Bearing mind that the composer is noted for his sophisticated musical language, the Five Sephardic Choruses are, to my ears at any rate, trite. They are like much Christian liturgical music that is quite obviously second best – like countless arrangements of Christmas Carols that do not really hit the spot. There is nothing wrong with them - just plain average.

Now it is clear from the programme notes that these five choruses are based on ancient tunes derived from Jewish history. I looked up the word Sephardic and discovered that it has a number of shades of meaning. Originally the Sephardi were Jews who were native to Spain and Portugal and were expelled as a result of the Spanish Inquisition. However the current day usage seems to apply equally to Jews from the Near East including Yemen, Iraq and Iran who have emigrated to Israel or the United States. This accounts for an old Yemeni tune in the last of the Choruses. I personally found the singing a little to ‘screechy’ although this may be the style called for by the music.

The Nuptial Scene sounds like so much music that was composed in the 1970s. I am just not sure where it sits in the hierarchy of genius. It is not my cup of tea although I can see that many listeners will find it extremely moving. What I notice is that the orchestration is colourful, yet the vocal line seems to lack distinction.

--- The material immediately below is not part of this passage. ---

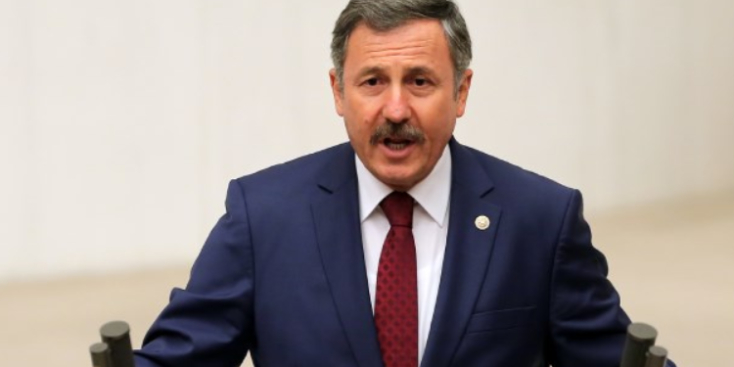 Kadınlar, taciz faili Özdağ’ın CHP aday listeden çıkarılmasını istiyor Kadınlar, taciz faili Özdağ’ın CHP aday listeden çıkarılmasını istiyor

I can find little in the extract from The Binding that would make me want desperately to hear the full work. This oratorio is all about Isaac and Abraham and the former’s rather close call on the funeral pyre. Once again this music is very much a child of its time although I have to admit that the music appeals to me much more than some of Benjamin Britten’s Parables! If you like this sort of quasi-operatic event you will like this music.

The selected liturgical works seem to me the most eye-opening thing on this CD. The thing that really makes it for me is the Cantor Alberto Mizrahi. His voice is in complete contrast to the previous two works. This not the place to explore the Jewish liturgy, however just listening to these pieces confirms that the musical tradition in the Synagogue is alive and well. This music was written in the 1960s and is in complete contrast to the other pieces composed at this time. Yet this is working music – designed for the faithful and not just the concert going cognoscenti.

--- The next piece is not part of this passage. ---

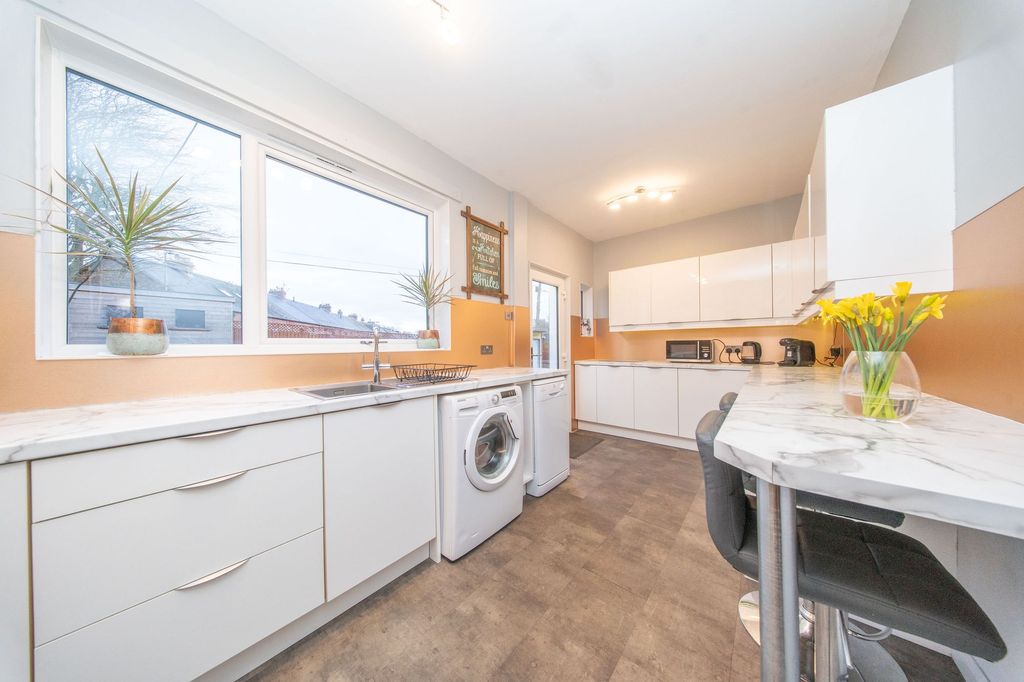 Property photo 3 of 20 Kitchen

The Symphony No.5 We are the Echoes opens with some promising music before it is stopped in its track by the singer. Now I am not sure if this is a ‘true’ symphony – to me it is more like an orchestrated song-cycle. Yet whatever the form, it is quite obviously a considerable work.

The theme is a reflection of the Jewish experience of history – so obviously there are few light moments in this work. However the piece does end with great hope – that ‘God follows me everywhere’ which seems a huge leap of faith after Belsen and Dachau. Yet this is surely the great strength of the Jewish faith – that it survives in adversity. The opening movement uses the perennial imagery of the Wandering Jew and this is surely appropriate. One prays that one day he may find rest.

The singer is sometimes lost in the surrounding orchestral tuttis. There are many attractive and even beautiful moments in this work and the orchestration seems pretty good too. However I do not like the singer Phyllis Bryn-Julson – she is too reedy for my taste. Perhaps another singer might just make this work perfect.

The presentation of this disc is superb – there is a nice feel to it – being somewhat different in design to the usual Naxos American Classics production. The programme notes by Neil Levin and the composer are extensive. The lyrics and libretti are all present and correct.

So in conclusion, this is an interesting CD; good in parts. I am perhaps the wrong person to review this CD as I really do not warm to Adler’s vocal style. However, the orchestral elements of this CD make me feel that I would like to hear a work by this composer for instruments or orchestra without voices.